L’ouvrage se compose de trois chants en poèmes en prose. Dieu s’y incarne dans l’encre en une sorte de crépuscule où se mixent commencement et fin.
Chaque page peut être lue comme un fragment poétique autonome. S’y mêlent l’humilité et l’incertitude à la grandeur et la foi.
Souvent le lecteur est directement interpellé, parfois l’écriture se commente elle-même et le langage fait l’objet d’un traitement de plus en plus vertigineux.
Les phrases sont plutôt courtes mais leurs assemblages créent des sinuosités acrobatiques.
Existe là un refondation, une reconstruction là où le lyrisme devient une constante. Certains le prendront à tort pour une fantasmagorie débridée.
Pour autant, Biscarrat n’abuse d’aucun effet.
Il porte ici sa vocation et le destin des hommes au nom d’une sagesse qui dépasse l’amour seulement terrestre dans un diapason qui n’appartient qu’à lui. Il est l’inverse d’un Maldoror et lutte pour la sauvegarde des naufragés que nous sommes.
Il se jette résolument dans la carrière de l’idéal et faisant résolution de suivre la route du coeur et de la spiritualité.

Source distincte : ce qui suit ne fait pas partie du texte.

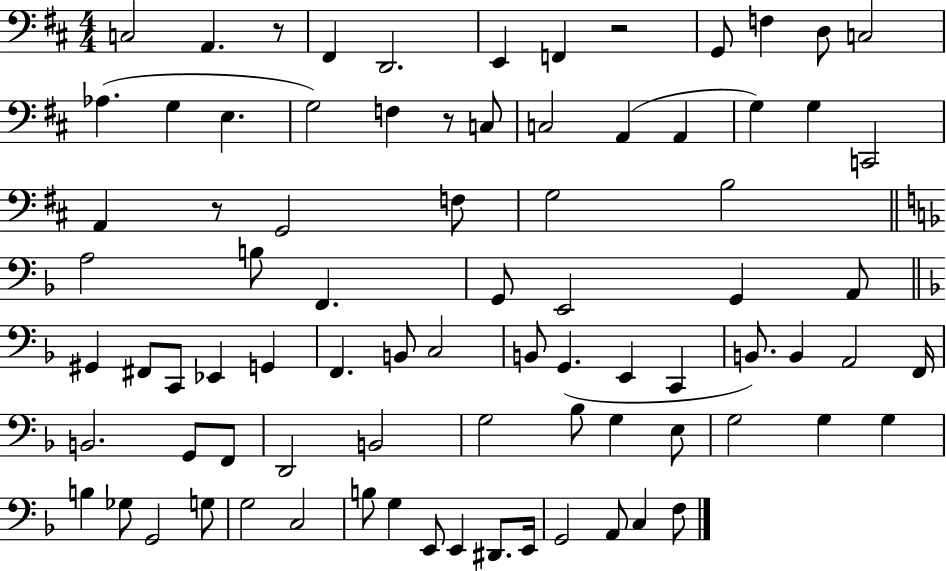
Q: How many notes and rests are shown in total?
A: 82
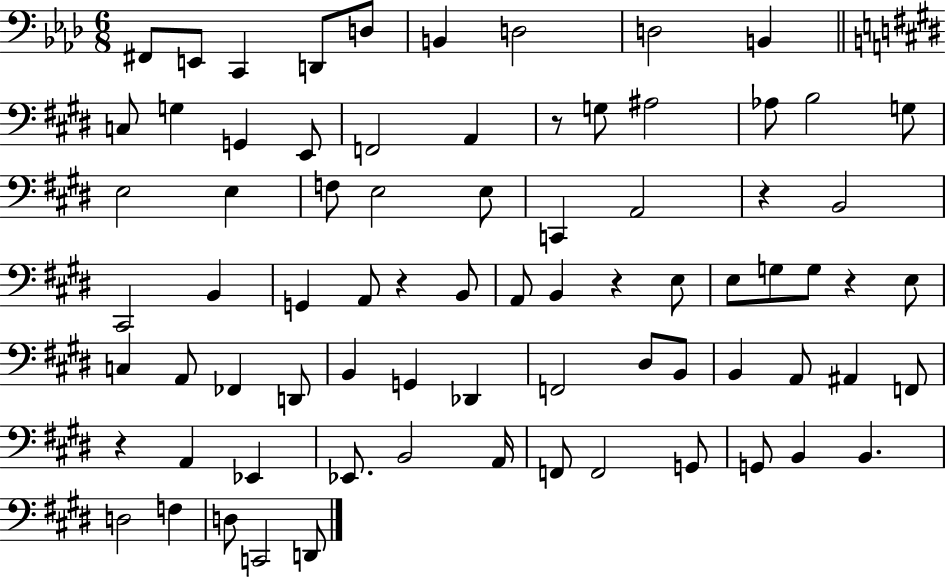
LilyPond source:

{
  \clef bass
  \numericTimeSignature
  \time 6/8
  \key aes \major
  fis,8 e,8 c,4 d,8 d8 | b,4 d2 | d2 b,4 | \bar "||" \break \key e \major c8 g4 g,4 e,8 | f,2 a,4 | r8 g8 ais2 | aes8 b2 g8 | \break e2 e4 | f8 e2 e8 | c,4 a,2 | r4 b,2 | \break cis,2 b,4 | g,4 a,8 r4 b,8 | a,8 b,4 r4 e8 | e8 g8 g8 r4 e8 | \break c4 a,8 fes,4 d,8 | b,4 g,4 des,4 | f,2 dis8 b,8 | b,4 a,8 ais,4 f,8 | \break r4 a,4 ees,4 | ees,8. b,2 a,16 | f,8 f,2 g,8 | g,8 b,4 b,4. | \break d2 f4 | d8 c,2 d,8 | \bar "|."
}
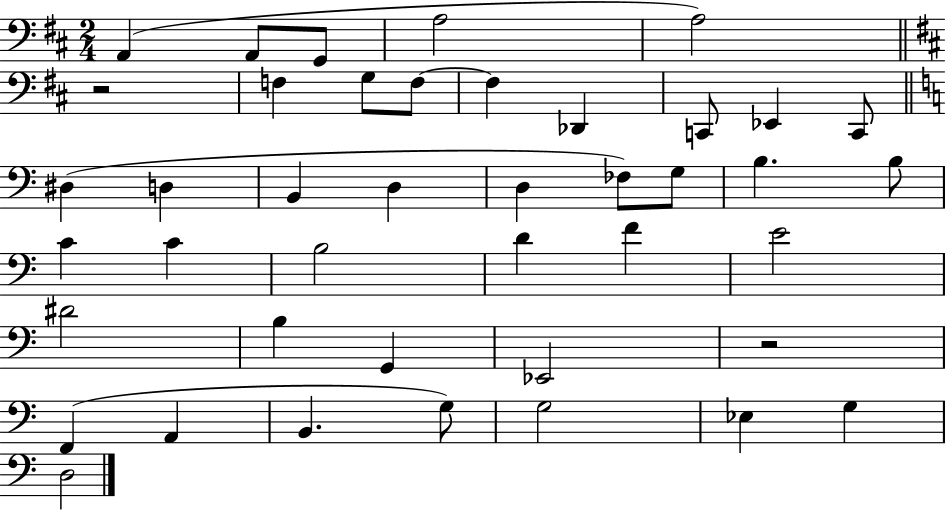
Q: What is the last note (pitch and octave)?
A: D3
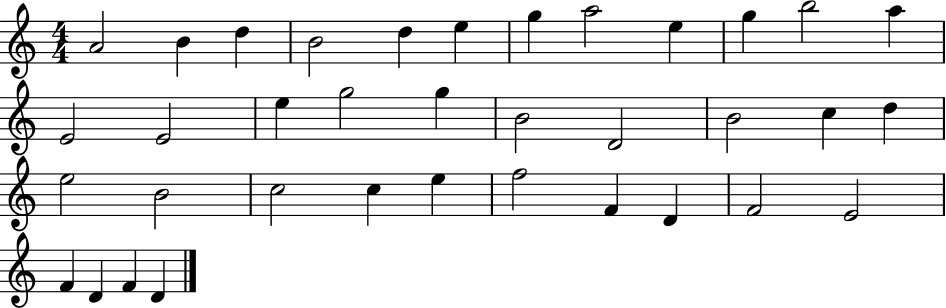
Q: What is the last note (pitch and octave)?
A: D4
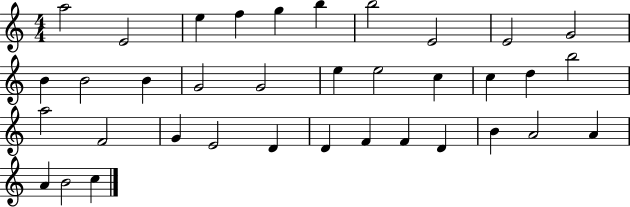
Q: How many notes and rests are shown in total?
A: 36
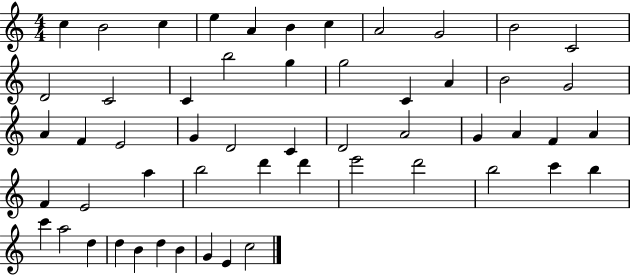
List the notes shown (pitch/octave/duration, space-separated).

C5/q B4/h C5/q E5/q A4/q B4/q C5/q A4/h G4/h B4/h C4/h D4/h C4/h C4/q B5/h G5/q G5/h C4/q A4/q B4/h G4/h A4/q F4/q E4/h G4/q D4/h C4/q D4/h A4/h G4/q A4/q F4/q A4/q F4/q E4/h A5/q B5/h D6/q D6/q E6/h D6/h B5/h C6/q B5/q C6/q A5/h D5/q D5/q B4/q D5/q B4/q G4/q E4/q C5/h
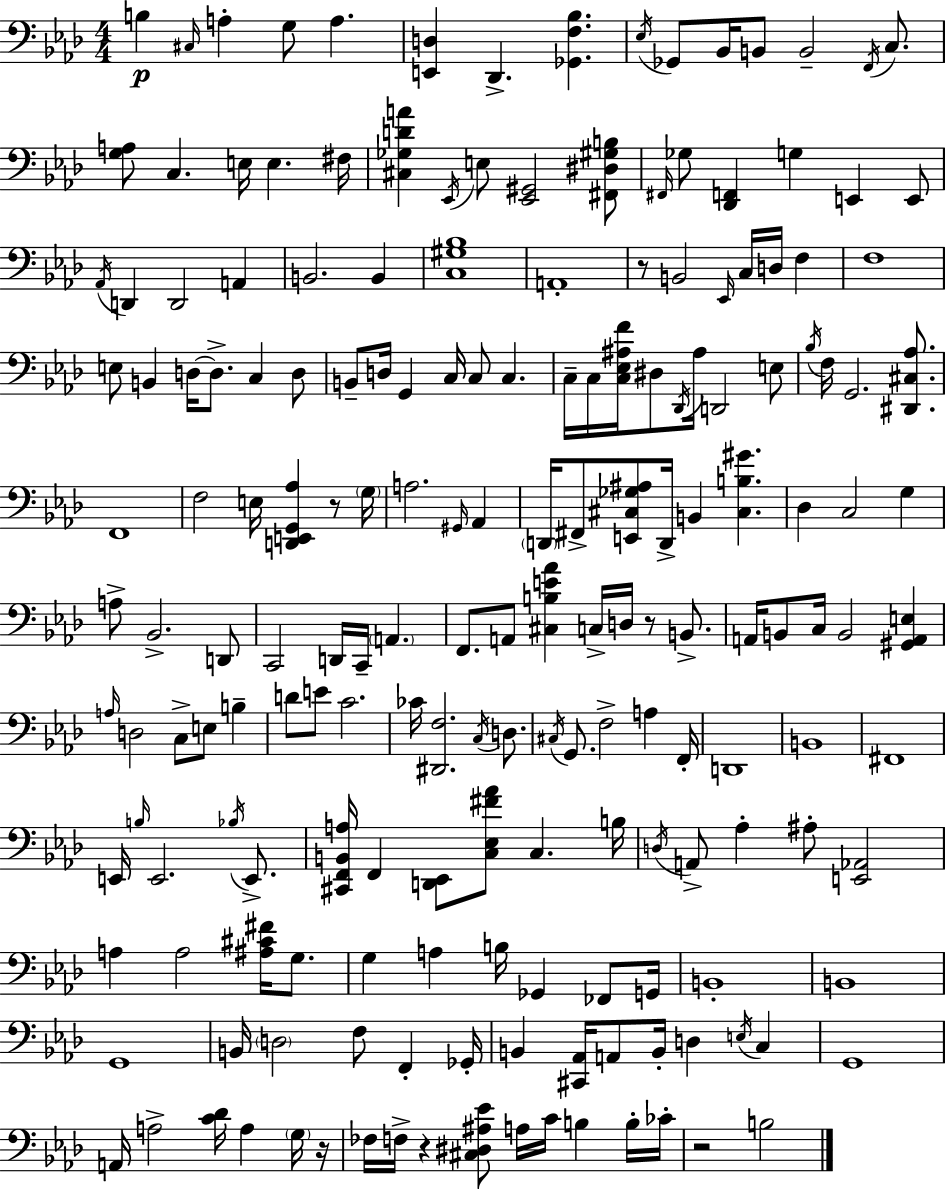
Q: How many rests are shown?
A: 6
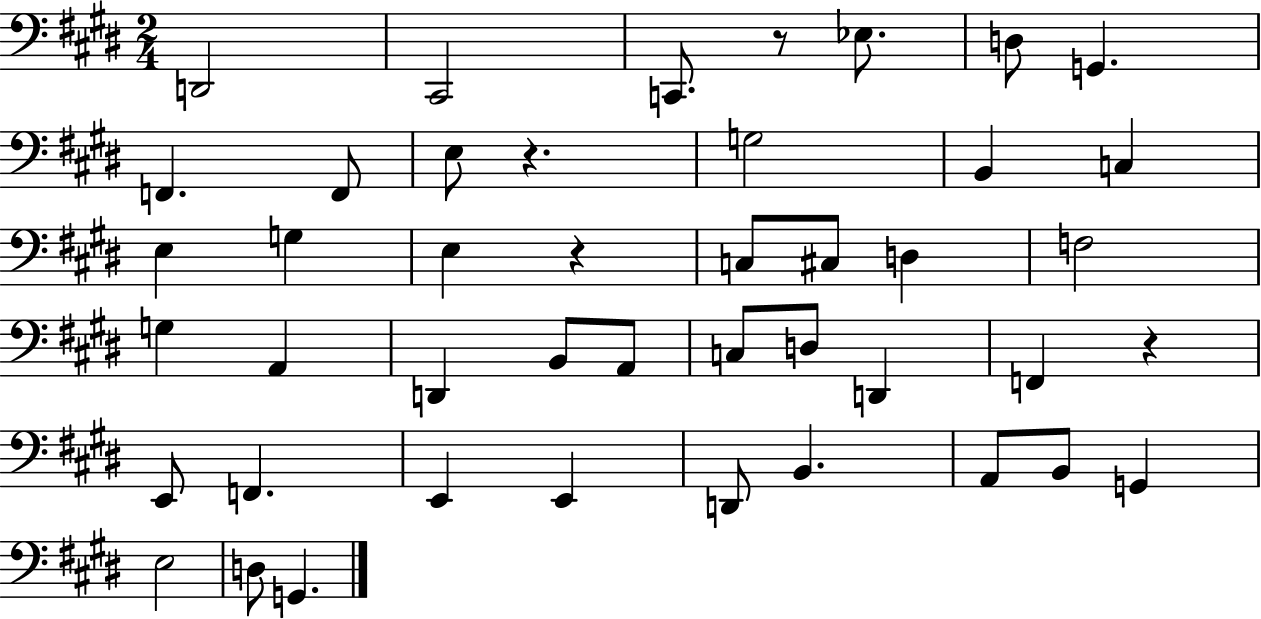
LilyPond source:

{
  \clef bass
  \numericTimeSignature
  \time 2/4
  \key e \major
  d,2 | cis,2 | c,8. r8 ees8. | d8 g,4. | \break f,4. f,8 | e8 r4. | g2 | b,4 c4 | \break e4 g4 | e4 r4 | c8 cis8 d4 | f2 | \break g4 a,4 | d,4 b,8 a,8 | c8 d8 d,4 | f,4 r4 | \break e,8 f,4. | e,4 e,4 | d,8 b,4. | a,8 b,8 g,4 | \break e2 | d8 g,4. | \bar "|."
}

Une telle attitude procède d’un puissant orgueil mais aussi d’une immense souffrance avec la volonté de la transcender.
La passion est d’atteindre à l’infini par les moyens d’une poésie de fondement, fruit d’une révolte. Le langage se fait ardent et offre au coeur de la nuit la luminosité la plus grande. Celle d’une révélation.
Thibault Biscarrat cherche ainsi l’envoûtement exercé par chaque texte. Contre le scepticisme et le nihilisme s’instruit une fabuleuse aventure du langage lyrique. L’écriture exprime parfois la difficulté d’exister mais dans l’impérieuse nécessité de se sauver.
D’où cette euphorie poétique, ce maniement du verbe à la fois débridé et retenu.
La polysémie y cohabite avec incandescence à la fois au milieu du cosmos et au plus près de l’être.
jean-paul gavard-perret
Thibault Biscarrat, L’initié suivi de La libre étendue et L’incandescence, Editions Ars Poetica, 2022, 90 p. — 18,00 €.